_DATA SHOWN_.

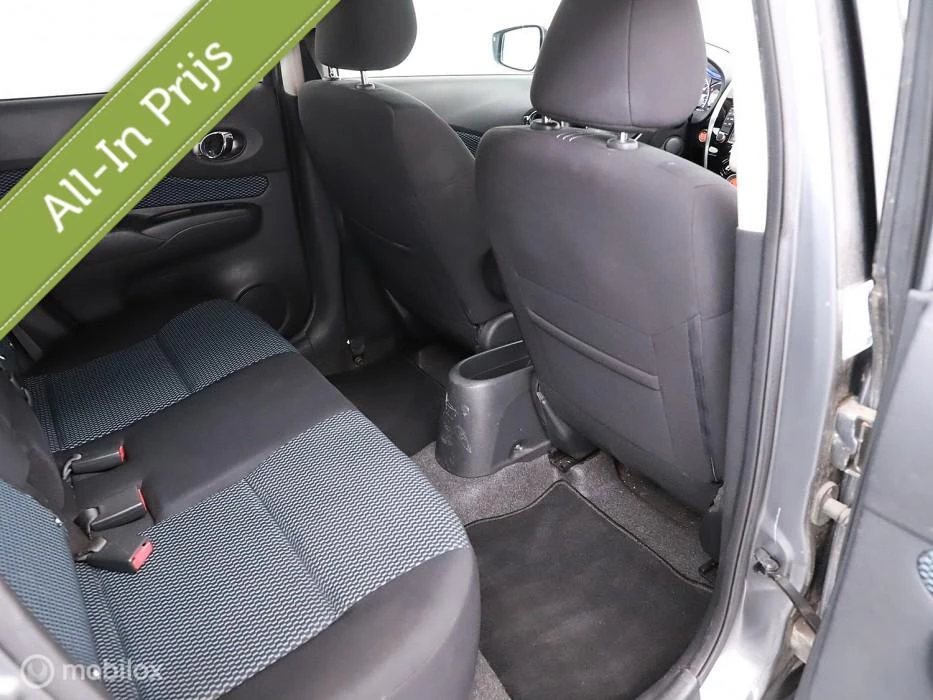 Hoofdafbeelding Nissan Note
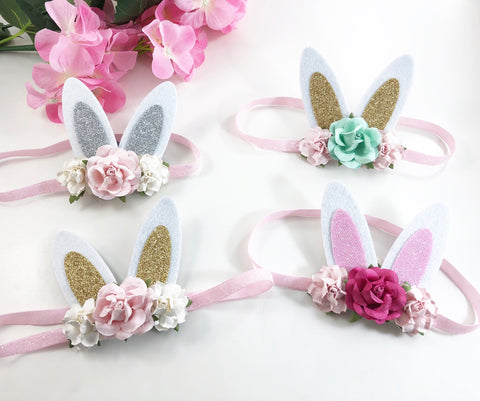 Bunny Ear Headband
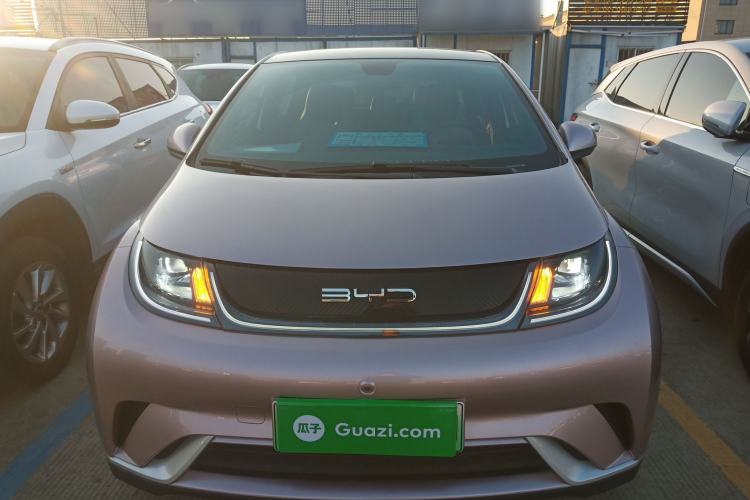 Used BYD Dolphin 2021 405 km Fashion Edition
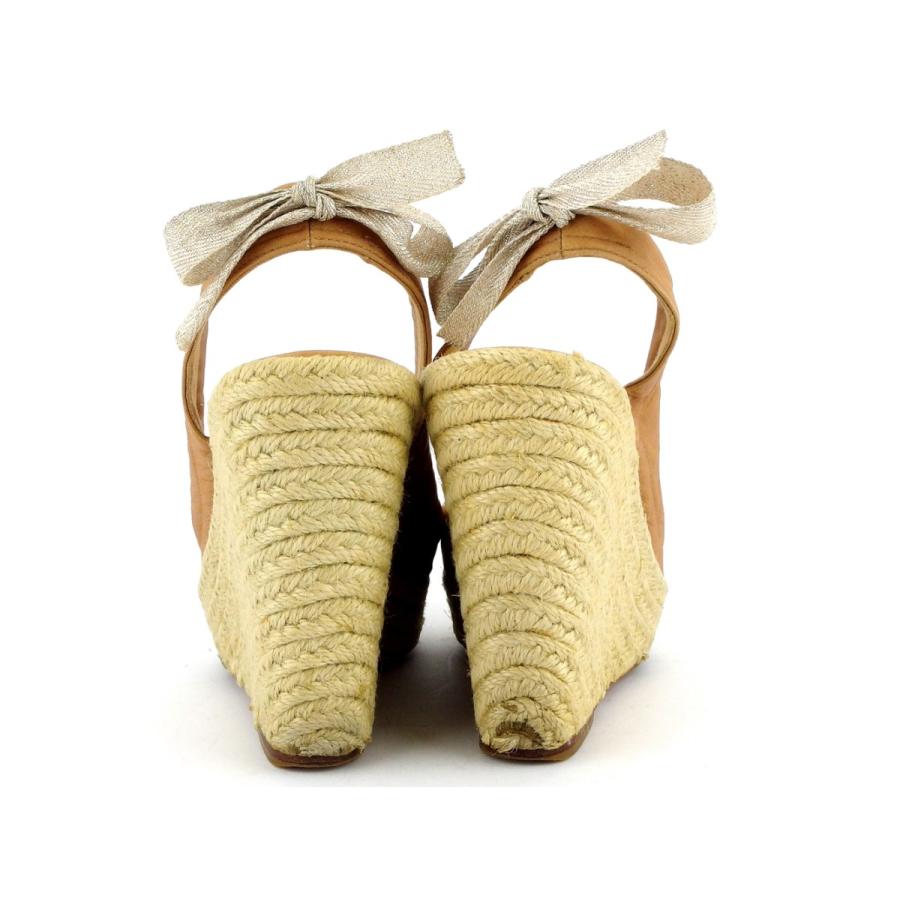 コーチ サンダル シューズ 靴 レディース ♯6B バックストラップ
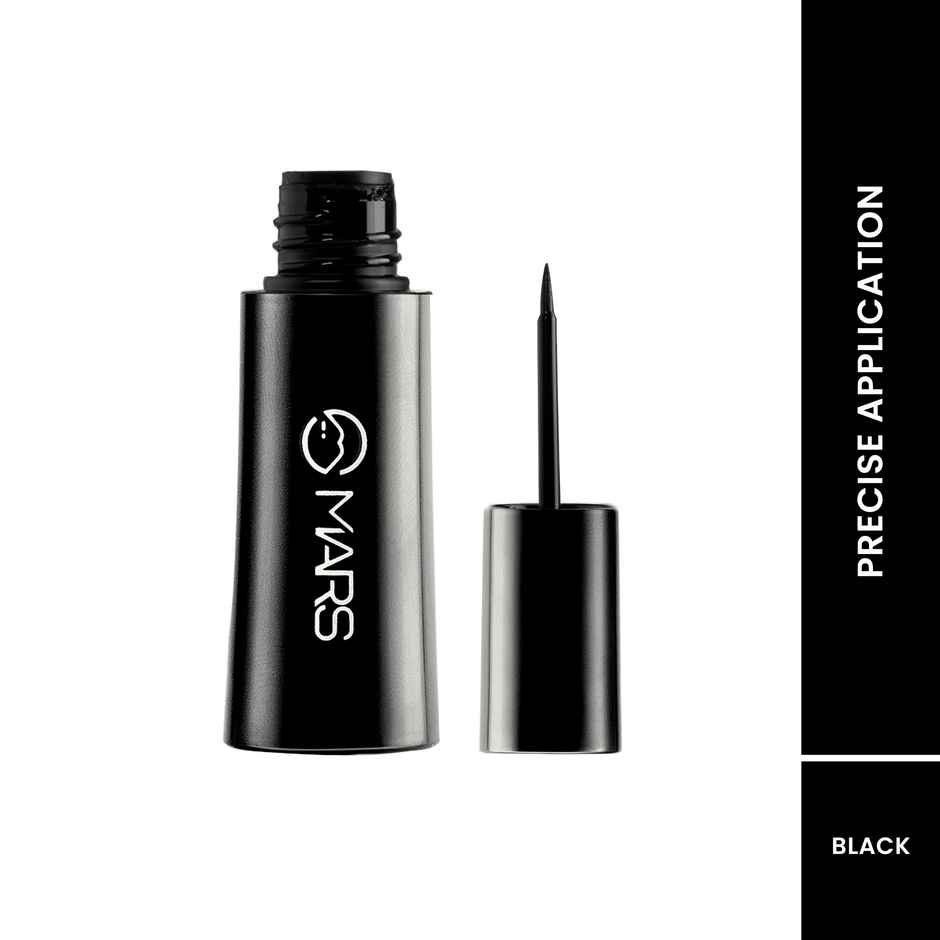 MARS Cosmetics Hyper Smooth Water Resistant Eyeliner (Black)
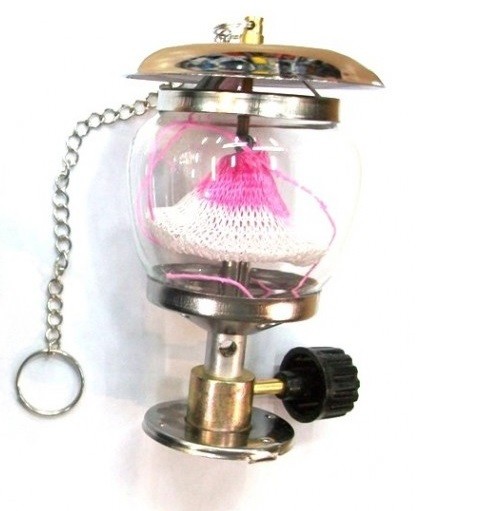 картинка Лампа газовая TOURIST Дружба, кемпинговая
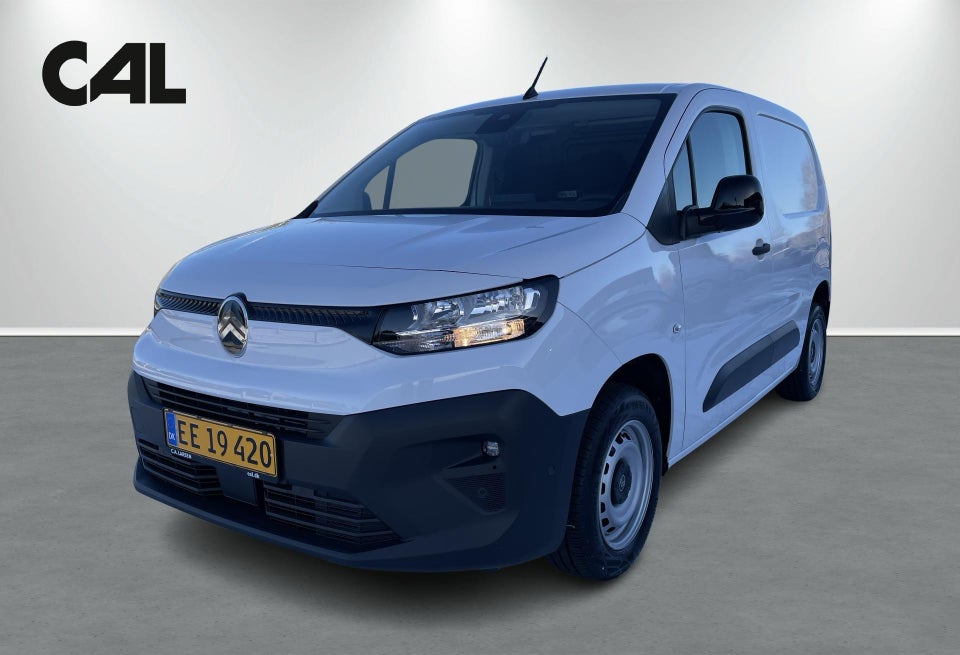 Citroën Berlingo 1,5 BlueHDi 100 L1 MasterLine Van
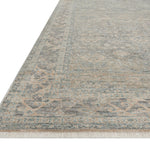 Angela Rose x Loloi Blake Sky/ Beige Rug - Rug & Weave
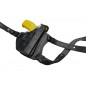 S17 Leather Shoulder Holster for Sphinx SDP Compact Black VlaMiTex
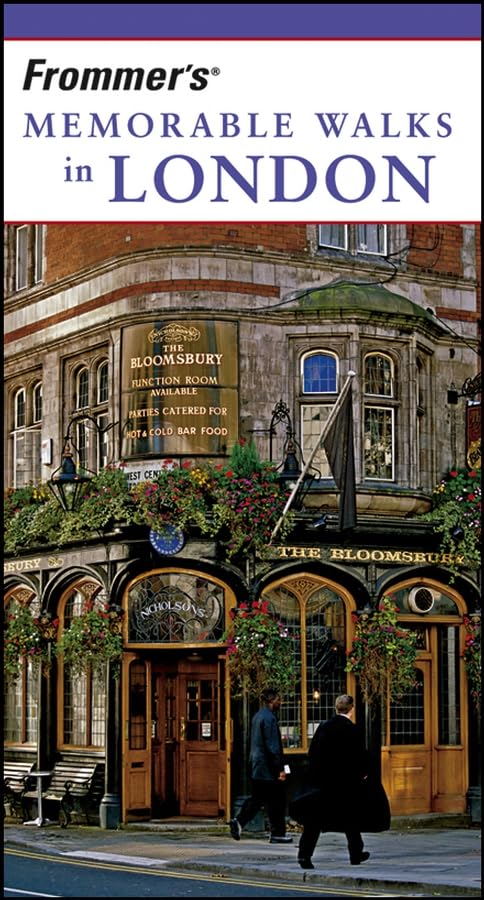 Frommer's Memorable Walks in London
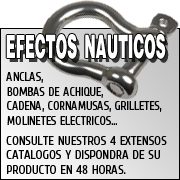 EFECTOS NAUTICOS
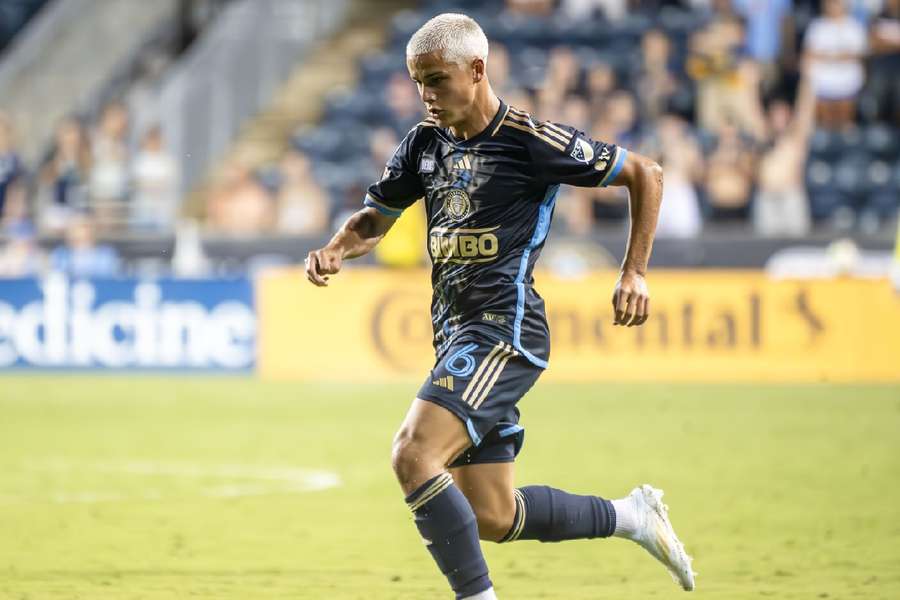 Cavan Sullivan, histoire de la MLS.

_WHAT TO DO_. Retype, please, exactly the lines that begin with the one containing "Citroën Berlingo 1,5" and end at the last line of the entries above, both included, leaving out pictures.

_SOLUTION_.
 Citroën Berlingo 1,5 BlueHDi 100 L1 MasterLine Van
 Angela Rose x Loloi Blake Sky/ Beige Rug - Rug & Weave
 S17 Leather Shoulder Holster for Sphinx SDP Compact Black VlaMiTex
 Frommer's Memorable Walks in London
 EFECTOS NAUTICOS
 Cavan Sullivan, histoire de la MLS.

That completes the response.